EVENTS RescueServices STATUS ordinary ANY Rescue:

Rodin platform of Event-B generates proof obligations for machine_0, machine_1, machine_2, machine_3, and machine_4 represented in Figure 9. The proof obligations of the flood monitoring system are satisfied, and there are no conflicts. Refinements and updates fulfil all the conflicting proof obligations.

12. Contributions

The contributions in the analysis, modeling, and verification of a flood-WMR SoS are(1)The flood-WMR SoS provides formal verification of correctness properties by using CP-Nets-based model checking and Event-B-based formal proofs.(2)It is centered on uninterrupted communication between the flood monitoring system and stakeholders (i.e., affected citizens, rescue services, police, electronic media, and government authorities). Communication with these responders ensures rapid propagation of information and early action after-flood alert. CP-Nets model of communications are constructed and model-checked.(3)The flood monitoring perceivers are identified and modeled. These flood monitoring perceivers have sensors that provide real-time information about a number of perceivers to identify a flood situation before-hand.(4)The flood-WMR SoS also emphasizes emergency and rescue services just after a flood. It proposes alternative infrastructures for uninterrupted communication if the disaster destroys the principal communication infrastructures.

13. Discussion and Conclusion

This work results in a formal, correct, exhaustive, and rigorous model of a safety-critical flood-WMR SoS. We have a solid background in mathematical analysis, design, specification, modeling, and verification of different distributed systems. Our previous expertise on ensuring correctness properties of safety and liveness for autonomous robotic multiagent system [5759] and flood monitoring systems [30, 6062] has helped us in the formal modeling and proving of this flood-WMR SoS.

Event-B-based proof obligations constants, variables, invariants, guards, and events are specified. Event-B verified the invariants and guards by using formal proofs. Events play the most vital role in proving the behavioral aspects of the system-of-systems. We have constructed multiple levels of abstractions for exhaustive-proofs, with each having a different refinement level, and safety and liveness properties are exhaustively analyzed and proved.

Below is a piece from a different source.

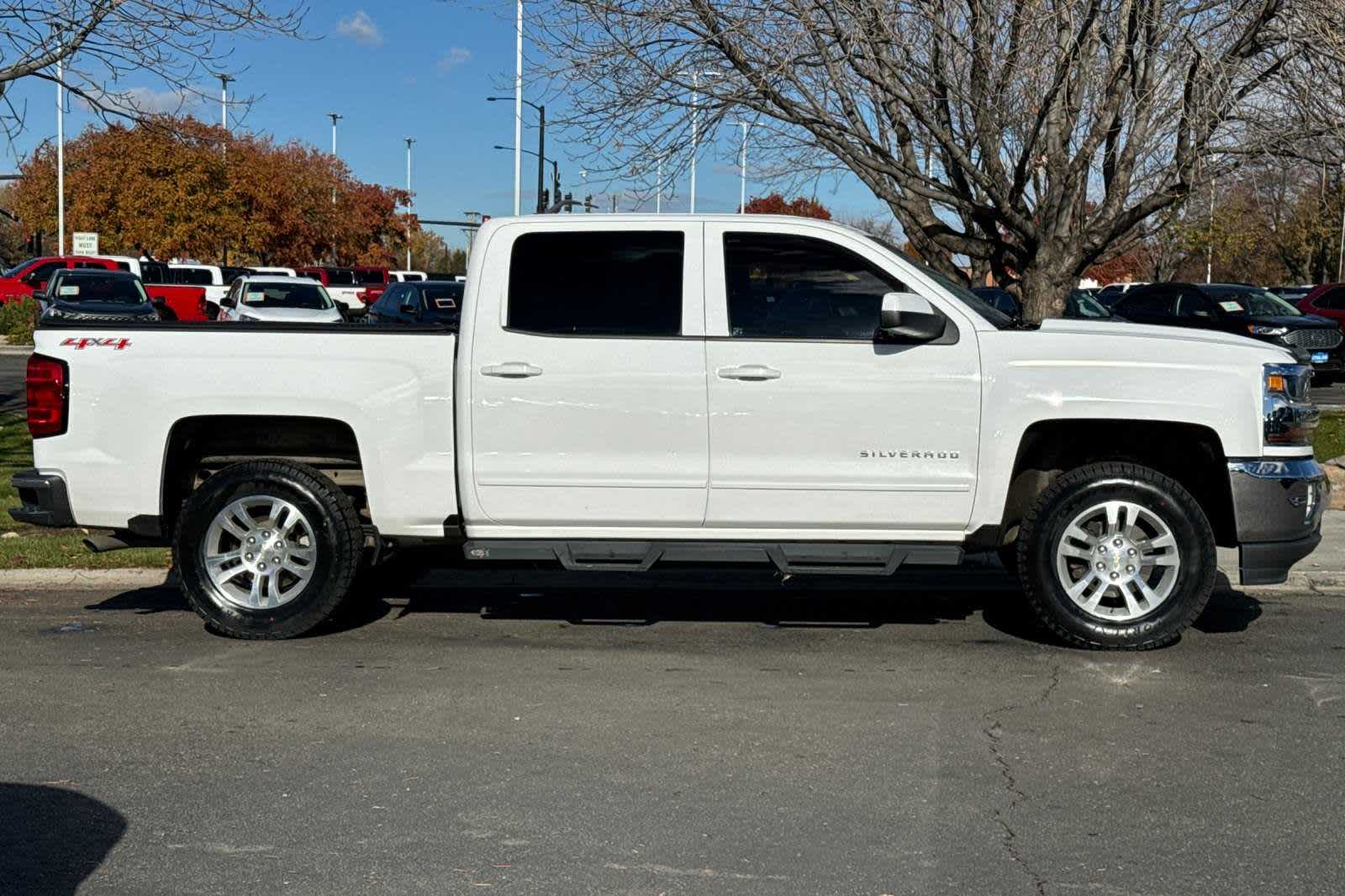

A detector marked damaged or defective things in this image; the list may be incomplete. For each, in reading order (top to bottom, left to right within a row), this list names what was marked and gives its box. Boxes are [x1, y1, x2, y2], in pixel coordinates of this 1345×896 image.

crack in pavement [984, 656, 1054, 893]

The CP-Nets model specifies a rigorous and precise model of the flood-WMR SoS, centered on the correct properties of safety and liveness. The proposed approach uses two industrial-strength formal methods for the requirement analysis, modeling, formal proving, refinement, abstraction, and model-checking of the flood-WMR SoS.

Induction-based exhaustive formal proof methods such as Event-B proofs and CP-Nets model checking perform the formal verification and validation. One of the main challenges of this work is to introduce verification and validation methodologies based on an amalgamation of formal methods and techniques. We have proposed transformations from one formal-method specification to another specification for exhaustive verification and state-space evaluation. This transformation allows Event-B context and machine conversion into CP-Nets, allowing set theory and first-order predicate-calculus-based formal proofs and temporal logic-based model checking.

A flood-WMR SoS shows the process of such formal verification and validation approach in the flood monitoring context. This contribution has several perspectives. One of them is a detailed formal-representation of the transformation based on the rules and a software platform developed for its automation. The design and development of an automatic conversion tool are required to facilitate the generation of Event-B context and machines, as it takes a long time to establish them manually, especially for large models.

This work also allows bridging the gap between formal proofs of Event-B and model checking based on CP-Nets. It allows rigorous specifications and verification. The objective is to design and develop an approach for the formal specification, verification, and validation of a correct flood-WMR SoS.

Data Availability

The data used to support the findings of this study are included within the article.

Conflicts of Interest

The authors declare that there are no conflicts of interest.